Substituting \(4nS_{n}\) for \(u_{n}\) in (2.2) and then simplifying, the recurrence (2.1) follows easily. □

2.2 Bounds for \(\frac{S_{n}}{S_{n-1}}\)

In [4], Chen and Xia provided a heuristic approach to find bounds for \(\frac{z_{n}}{z_{n-1}}\), where \(z_{n}\) satisfies a three-term recurrence. The following bounds can be acquired by using their method.

Lemma 2.2


$$h(n)=9-\frac{9}{2n^{2}}. $$

Then we have

$$ h(n-1)< \frac{S_{n}}{S_{n-1}}< h(n)\quad \textit{for } n\geq2. $$


We proceed our proof by induction on n. For the sake of simplicity, let

$$s_{n}=\frac{S_{n}}{S_{n-1}}. $$

To begin with,

$$h(1)=\frac{9}{2}< s_{2}=\frac{55}{7}< h(2)= \frac{63}{8}, $$

so inequality (2.3) holds for \(n=2\).

Suppose that \(h(n-1)< s_{n}< h(n)\), we proceed to show that \(h(n)< s_{n+1}< h(n+1)\).

On the one hand, by Lemma 2.1, we have

$$\begin{aligned} s_{n+1}-h(n+1) =&\frac{(4n+7) (10n^{2}+10n+3 )}{(n+1)^{2}(4n+3)} -\frac{9n^{2}(4n+7)}{(n+1)^{2}(4n-1)s_{n}}-h(n+1) \\ < &\frac{4n+7}{(n+1)^{2}} \biggl(\frac{10n^{2}+10n+3}{4n+3} -\frac{9n^{2}}{(4n-1)h(n)} \biggr)-h(n+1) \\ =&\frac{4n+7}{(n+1)^{2}} \biggl(\frac{72 n^{5}+54 n^{4}-36 n^{3}-36 n^{2}-2 n+3}{(4 n-1) (4 n+3) (2 n^{2}-1 )} \biggr)-h(n+1) \\ =&\frac{-88 n^{2}-40 n+15}{2 (n+1)^{2} (4 n-1) (4 n+3) (2 n^{2}-1 )} \\ < &0\quad \text{for } n\geq1, \end{aligned}$$

which obviously implies \(s_{n+1}< h(n+1)\).

On the other hand, consider that, for \(n\geq1\),

$$\begin{aligned} s_{n+1}-h(n) =&\frac{(4n+7) (10n^{2}+10n+3 )}{(n+1)^{2}(4n+3)} -\frac{9n^{2}(4n+7)}{(n+1)^{2}(4n-1)s_{n}}-h(n) \\ >&\frac{4n+7}{(n+1)^{2}} \biggl(\frac{10n^{2}+10n+3}{4n+3} -\frac{9n^{2}}{(4n-1)h(n-1)} \biggr)-h(n) \\ =&\frac{(4 n+7) (72 n^{5}-90 n^{4}-72 n^{3}+10 n^{2}+14 n-3 )}{(n+1)^{2} (4 n-1) (4 n+3) (2 n^{2}-4 n+1 )}-h(n) \\ =&\frac{512 n^{5}-792 n^{4}-728 n^{3}+147 n^{2}+126 n-27}{2 n^{2} (n+1)^{2} (4 n-1) (4 n+3) (2 n^{2}-4 n+1 )} \\ >&0. \end{aligned}$$

Evidently, this gives us \(s_{n+1}>h(n)\).
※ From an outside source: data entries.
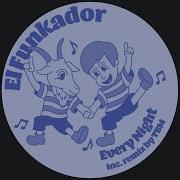 El Funkador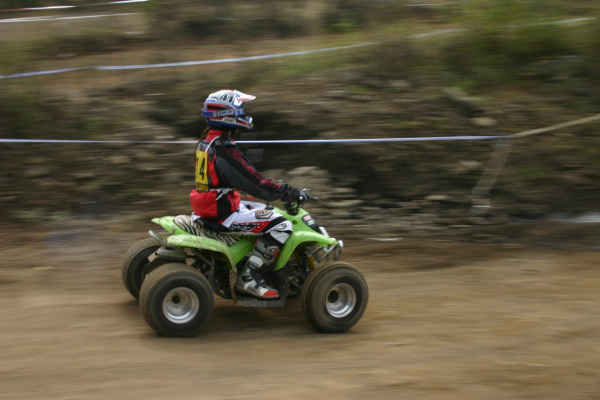 image0274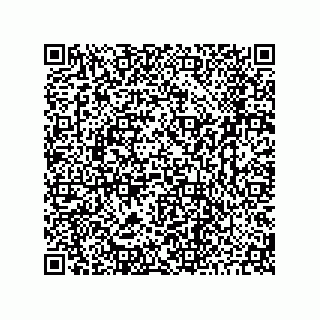 vCard 73846646816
According to an inductive argument, it follows that, for all \(n\geq2\), we have

$$h(n-1)< s_{n}< h(n). $$


As a corollary, we have the following.

Corollary 2.3

Let \(S_{n}\) be defined by (1.1). Then we have

$$\lim_{n\rightarrow\infty}\frac{S_{n+1}}{S_{n}}=9. $$

3 Proofs of theorems

Before giving proofs of our theorems, we need to recall some known results. The following proposition first appeared in [6] and is formally called the interlacing method by Došlić and Veljan [5].

Proposition 3.1


Suppose that \(\{z_{n}\}_{n=0}^{\infty}\) is a sequence of positive numbers. Then, for some positive integer N, the sequence \(\{z_{n}\}_{n= N}^{\infty}\) is log-convex (resp. log-concave) if there exists an increasing (resp. a decreasing) sequence \(\{h(n)\}_{n=0}^{\infty}\) such that

$$ h{(n-1)}\leq q_{n}\leq h(n) \qquad \bigl(\textit{resp. }h(n-1)\geq q_{n}\geq h(n)\bigr) $$

holds for \(n\geq N+1\), where \(q_{n}=\frac{z_{n+1}}{z_{n}}\). Moreover, the sequence \(\{z_{n}\}_{n= N}^{\infty}\) is strictly log-convex (resp. strictly log-concave) if and only if the above inequalities (3.1) are strict.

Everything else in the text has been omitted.